==== Records supplied

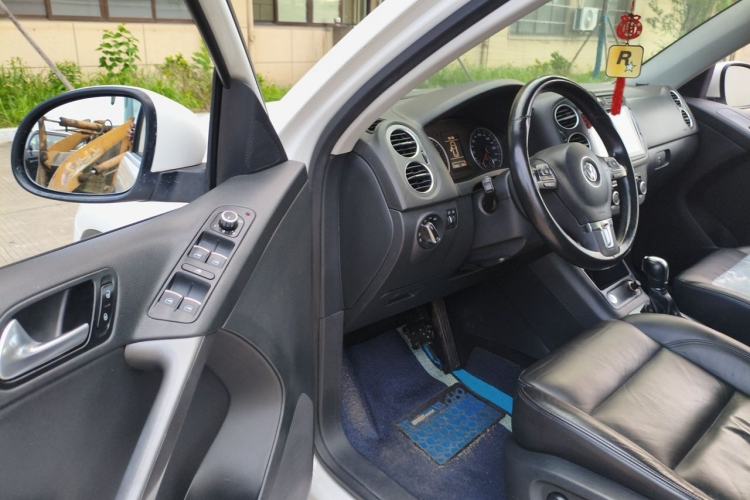 Used Volkswagen Tiguan 2012 2.0 TSI Automatic All-Wheel Drive Elite Edition Driver Seat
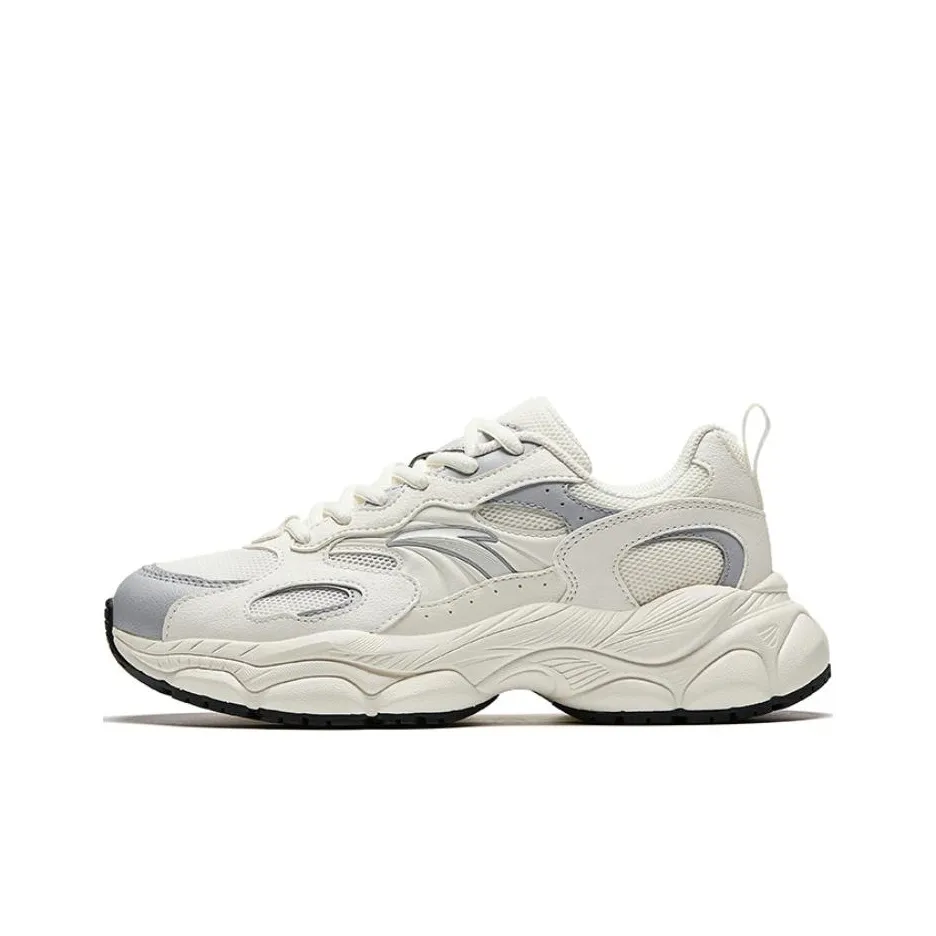 ANTA Little Millennium Амортизация Устойчивость к истиранию Покрытие Увеличение Высоты Низкий Топ Повседневный Женские Белый Серый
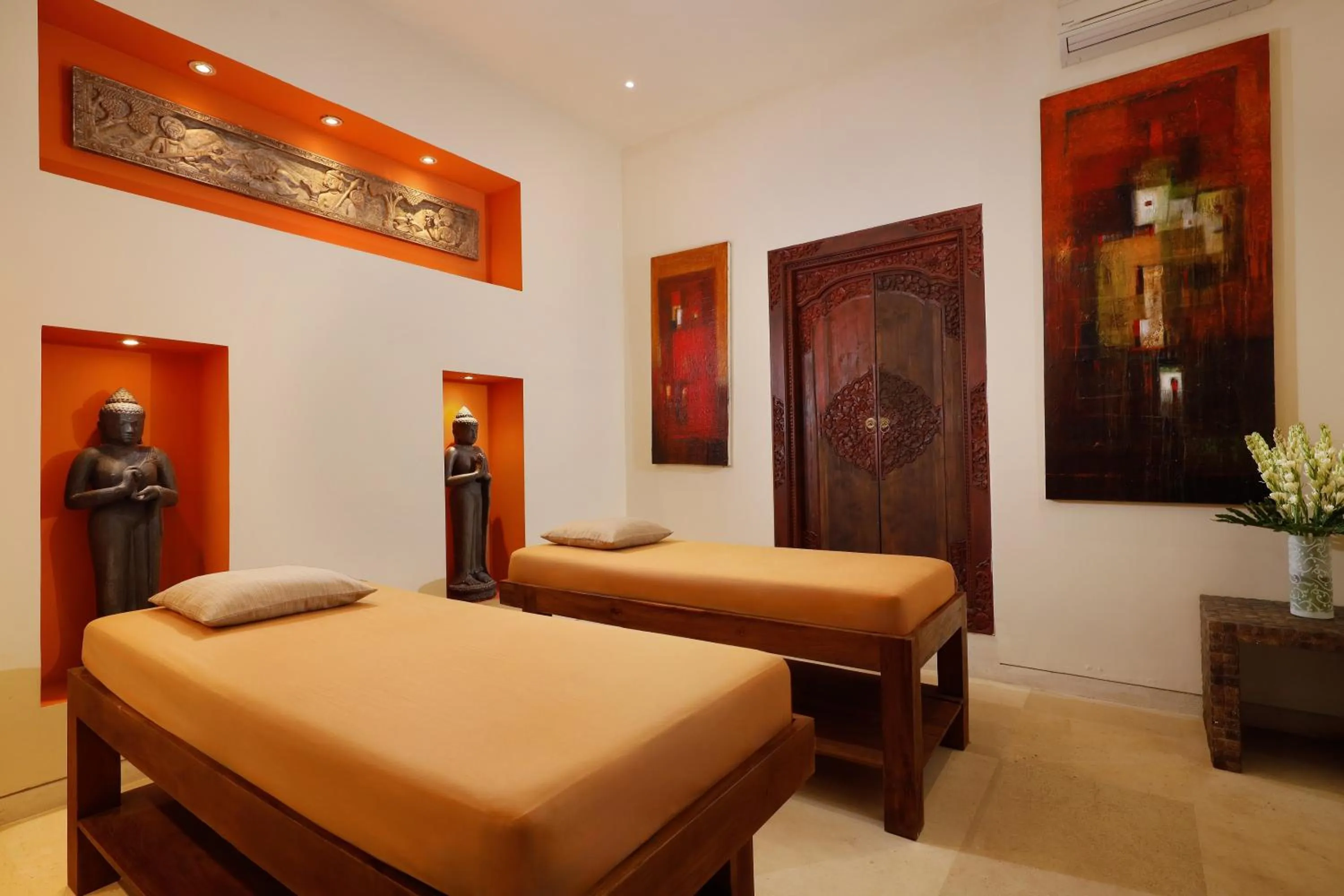 Spa and wellness centre/facilities, Bed in Villa Jamalu by Nakula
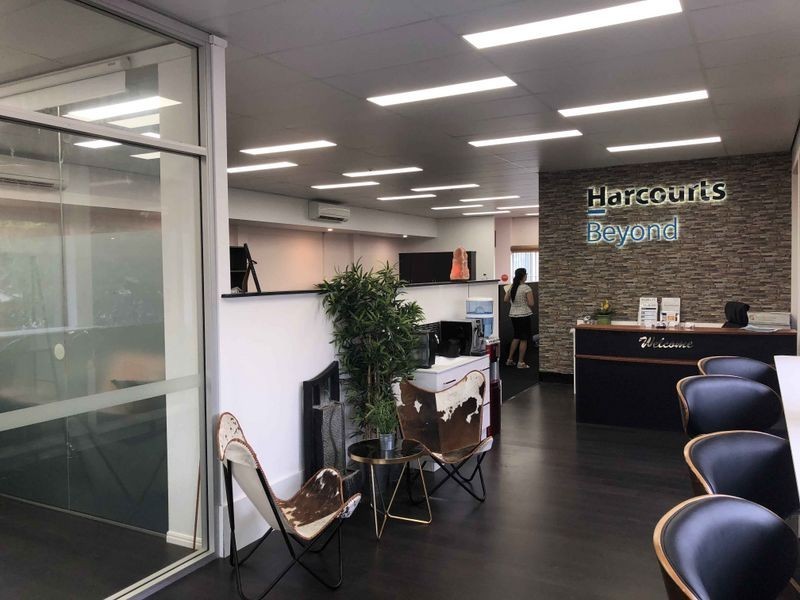 956 Logan Road, Holland Park West QLD 4121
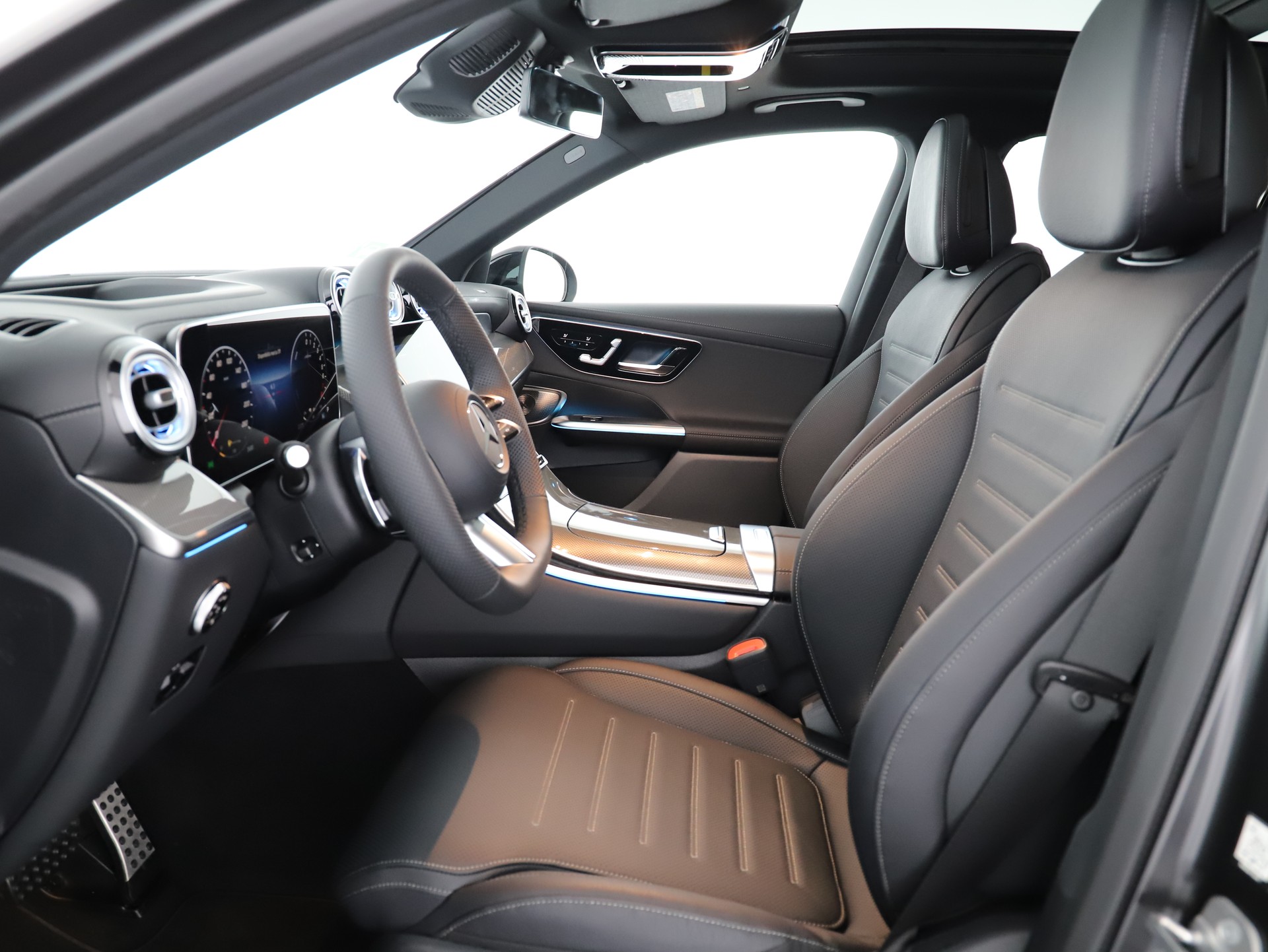 MERCEDES-BENZ GLC 300 e 4M EQ Star-image-9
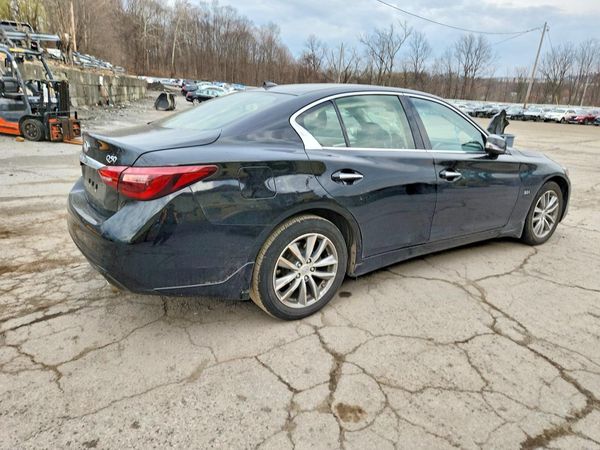 2020 INFINITI Q50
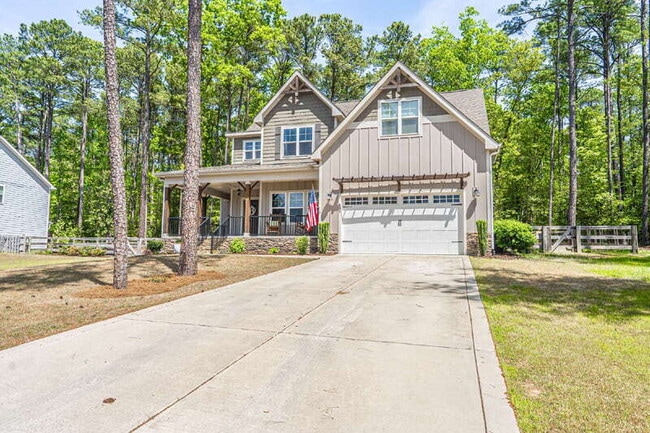 Building Photo - 156 Lakeview Dr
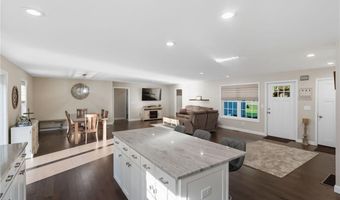 23 Sanford Farm Rd, Exeter, RI 02822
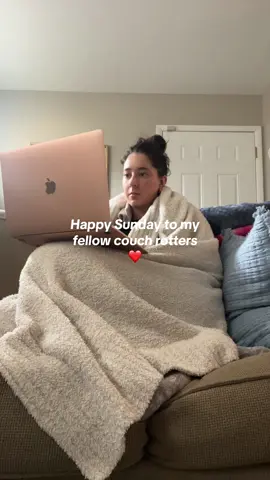 Sundays are for the couch  #couchrotting #homebodylife #iwouldratherbeathome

========

| Problem details |
Using the listing above, write out exactly the lines from the one that holds "2020 INFINITI Q50" through the last line, both included, and omit pictures.

| Response box |
 2020 INFINITI Q50
 Building Photo - 156 Lakeview Dr
 23 Sanford Farm Rd, Exeter, RI 02822
 Sundays are for the couch  #couchrotting #homebodylife #iwouldratherbeathome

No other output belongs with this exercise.